▸ **Task details**
Pictures stay out; everything else in the listing below is to be restated word for word.

▸ **Collected data**
===
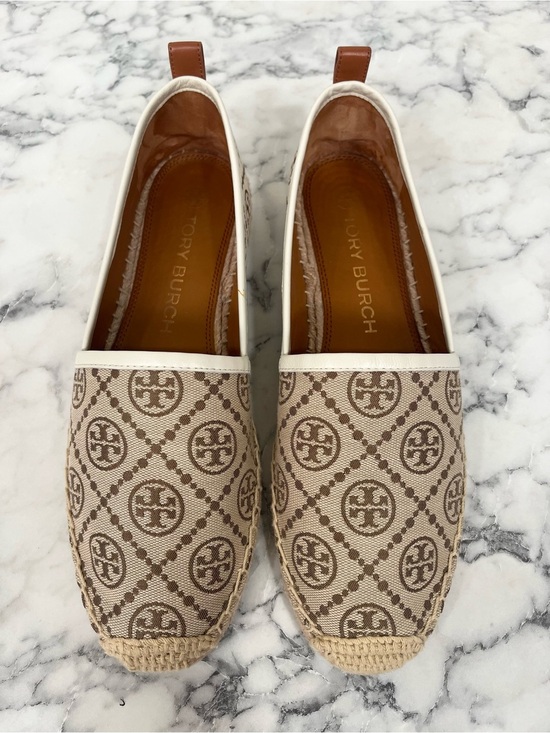 Tory Burch Shoes - Tory Burch T Monogram Espadrille Flats Shoes Tan Brown 9.5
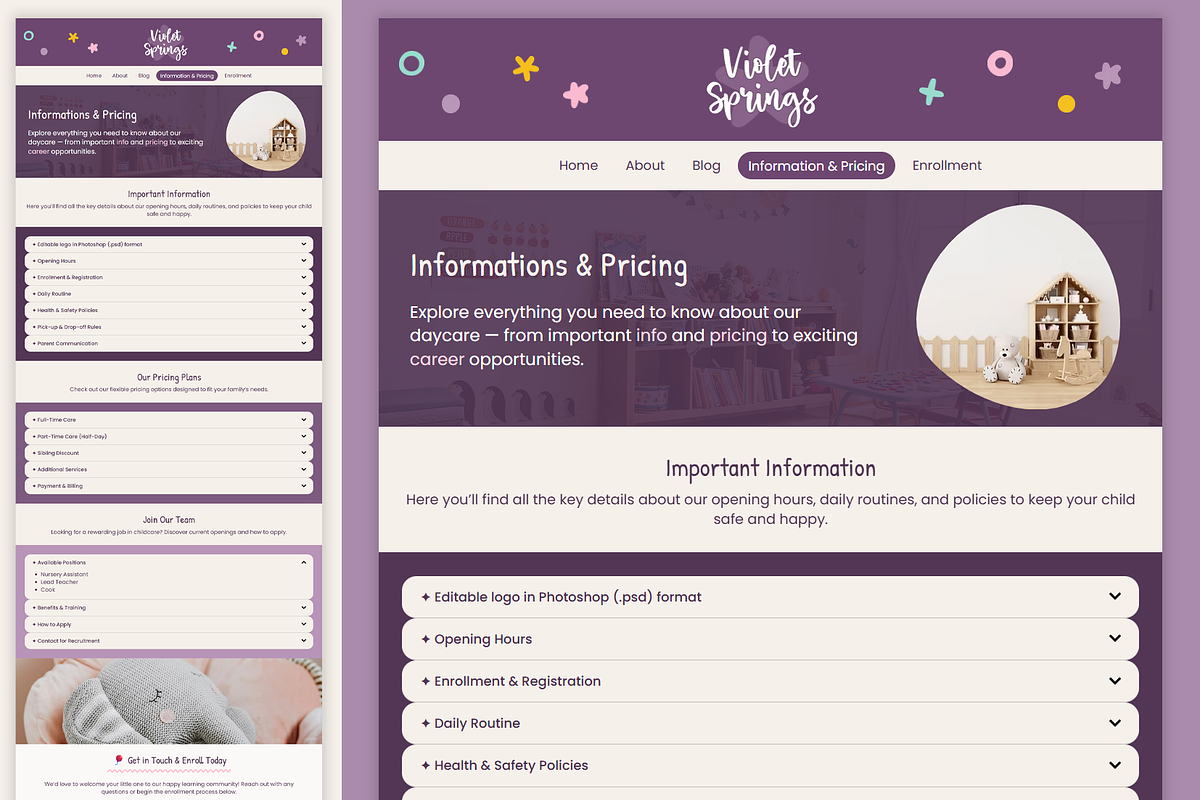 Nursery and Preschool Website preview 3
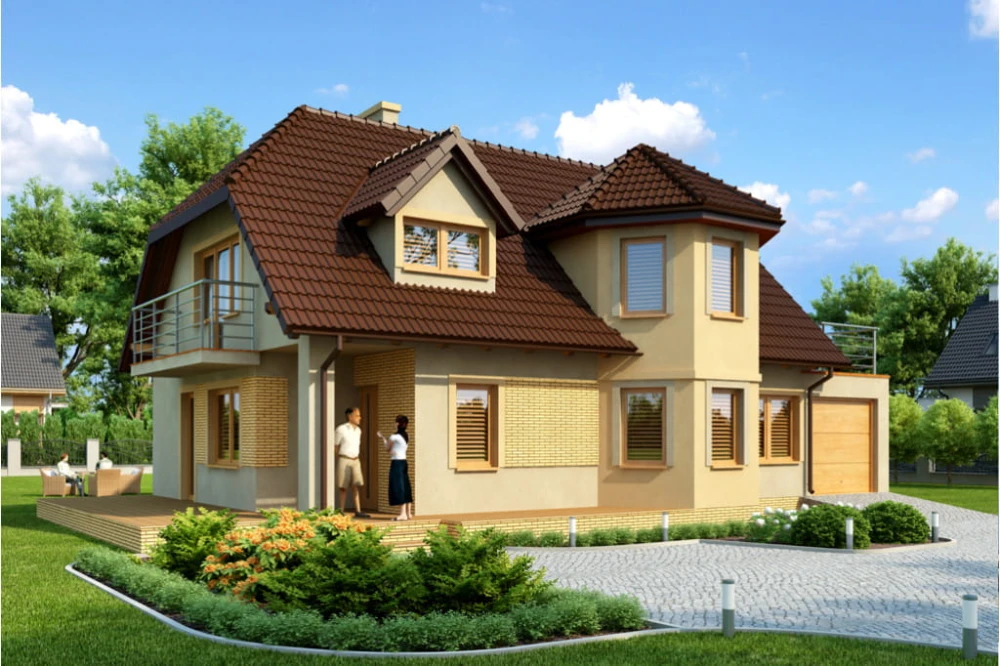 Projekt domu Bronowice tech. DM-6325 tech., dwurodzinny, parterowy z poddaszem mieszkalnym, bez podpiwniczenia, z garażem - kolorystyka wersja 3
===
▸ **Result below**
 Tory Burch Shoes - Tory Burch T Monogram Espadrille Flats Shoes Tan Brown 9.5
 Nursery and Preschool Website preview 3
 Projekt domu Bronowice tech. DM-6325 tech., dwurodzinny, parterowy z poddaszem mieszkalnym, bez podpiwniczenia, z garażem - kolorystyka wersja 3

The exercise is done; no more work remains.